Problem to work on ::
Set the data down again, exactly as it reads, but without the pictures.

Information shown ::
*** Begin section ***

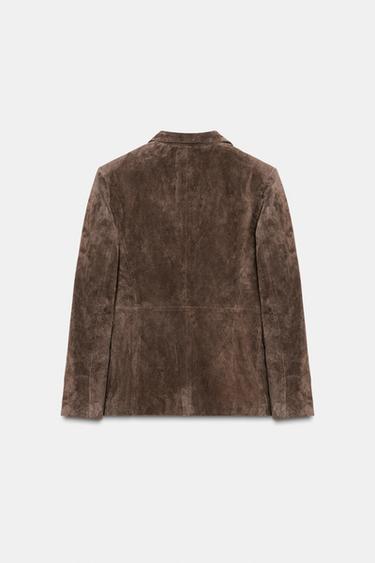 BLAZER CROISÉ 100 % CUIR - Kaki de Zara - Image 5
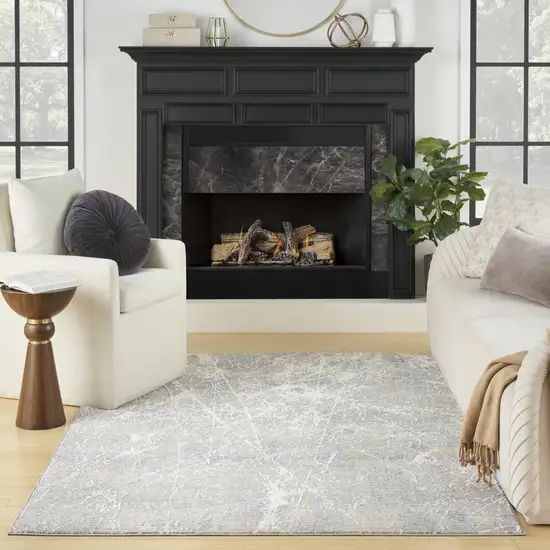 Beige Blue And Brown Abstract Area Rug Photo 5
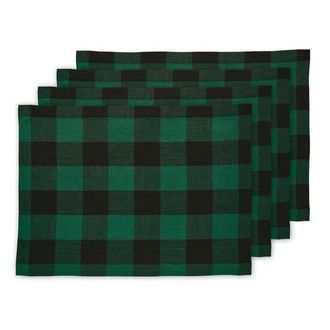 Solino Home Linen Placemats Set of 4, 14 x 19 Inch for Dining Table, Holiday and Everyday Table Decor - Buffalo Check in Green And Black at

*** End section ***

Your response ::
 BLAZER CROISÉ 100 % CUIR - Kaki de Zara - Image 5
 Beige Blue And Brown Abstract Area Rug Photo 5
 Solino Home Linen Placemats Set of 4, 14 x 19 Inch for Dining Table, Holiday and Everyday Table Decor - Buffalo Check in Green And Black at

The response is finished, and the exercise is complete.